Splunk Detection Rule Audit
Four ways my own rules would flood a real analyst with noise. Audited every SPL detection against 283,976 events, classified the failure modes, and fixed the gaps.
Problem / Hypothesis
I had written detection rules in Splunk targeting a constrained Windows telemetry environment — single sourcetype, no Sysmon, no Windows TA, manual rex-based field extraction. The rules worked. They fired. They matched MITRE ATT&CK techniques.
The hypothesis: working rules are not the same as deployable rules. If a real analyst inherited these rules in a production SOC, what would their first week look like?
Environment
Splunk Enterprise, REST API on port 8089. Single Windows 11 workstation (HO-WE-01). Wazuh agent forwarding Security Event Log as XmlWinEventLog:Security. 7-day window, ~283k events. All field extraction via manual rex against raw XML. No CIM normalization.
Methodology
Step 1 — Inventory
Cataloged every SPL detection query. Each mapped to a MITRE ATT&CK technique with defined thresholds and target EventIDs.
Step 2 — Run against production data
Every rule executed against the full 283,976-event dataset via Splunk REST API. Hit count, volume distribution, and sampled matches recorded.

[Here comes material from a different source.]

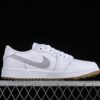 AJ 1 Low Golf ‘White Gum’ DD9315-111 AJ 1 Low Golf ‘White Gum’ DD9315-111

Step 3 — Analyst workload test
For each rule: if this alert fired in a SOC queue, could an analyst triage it to a conclusion with the information available? Or would they need to pivot to data that doesn’t exist?
Step 4 — Classify the noise
Every rule that failed the analyst-workload test was categorized by the specific reason it would generate untriageable alerts.
Findings
| # | Noise Source | Rules Affected | Analyst Impact |
|---|---|---|---|
| 1 | Empty CommandLine | 3 rules | Alerts fire but can’t be triaged |
| 2 | No failed logon baseline | 1 rule | Silent failure or no-context fire |
| 3 | Missing sourcetype | 2 rules | Rules never fire — false coverage |
| 4 | Rex fragility | All rules | Silent extraction failure |
Of 8 detection rules: 3 immediately actionable, 3 require command-line auditing, 1 requires failed logon auditing, 1 requires Sysmon or network telemetry.
Operational Impact
Every new detection now includes a “deployment prerequisites” section before the SPL, not after. Rules are not marked stable until their dependencies are confirmed present.
Verification
- Detection rules with dependency flags: content/detection-rules/splunk/
- Full analysis: content/case-studies/signalfoundry-splunk-detection-engineering.md
- Phase 1 remediation: Enterprise Security Hardening case study
- CommandLine gap verification: index=wazuh data.win.system.eventID=4688 | eval has_cmdline=if(len(CommandLine)>0,"yes","no") | stats count by has_cmdline
What This Demonstrates
Writing detection rules is the easy part. Knowing whether your rules are deployable — whether they’ll help an analyst or bury them — requires running them against real data and asking uncomfortable questions about what happens when the alert fires.
I found four ways my own rules would make a real analyst’s life worse. I documented them, flagged the dependencies, and fixed the underlying gaps. That sequence — build, audit, document the gaps honestly, fix them — is what separates a detection library from a noise generator.